Marketers know they need to blog to win the content marketing game, but what they may not realize is that it’s easy to fall behind the pack if you’re not generating posts regularly. Most companies would say they have a corporate blog, as evidenced by Eloqua’s State of Content Marketing report. Around 83 percent of those surveyed said they blog, but only 39 percent would say they do so frequently.
You call that frequent?
It turns out they use the term “frequently” somewhat loosely. Roughly 4 in 10 percent publish six or more blog posts per month and less than a quarter write at least 11 pieces during this timeframe.

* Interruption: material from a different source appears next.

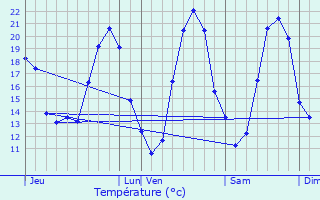 Graphique des tempratures prvues pour Jan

This publication pace might be sufficient to drive ongoing results if the brands are supplementing blog posts with other formats, like news content or white papers, interviews and infographics. However, it may not be enough to keep the SEO machine warm if companies are only putting fresh pieces on their sites a couple of times each week (for 11 posts/month) or even less frequently.
Data shows this correlation is true on a smaller scale, and companies generating a handful of daily posts receive more website visits than competitors publishing less often.
There is evidence that regular content creation is a key component for web marketing results. Brafton recently covered a KissMetrics report about “The Science of Social Timing,” which found a strong relationship between the number of posts published per day and the volume of unique pageviews.
The key is consistency
At the pinnacle of popularity, sites that set 30 pieces live in a day have upwards of 1.8 million unique daily viewers. These domains are probably major publications that have wide readerships. However, the data does show this correlation is true on a smaller scale and companies generating a handful of daily posts receive more website visits than competitors publishing less often.
As blogging becomes a normal part of brands’ presences online, marketers will need to do more to stand out amid the growing noise. It’s no longer enough to have a blog section that is rarely updated. Companies need to turn their pages into rich archives of information that answer prospects’ questions and keep customers on their toes with timely updates.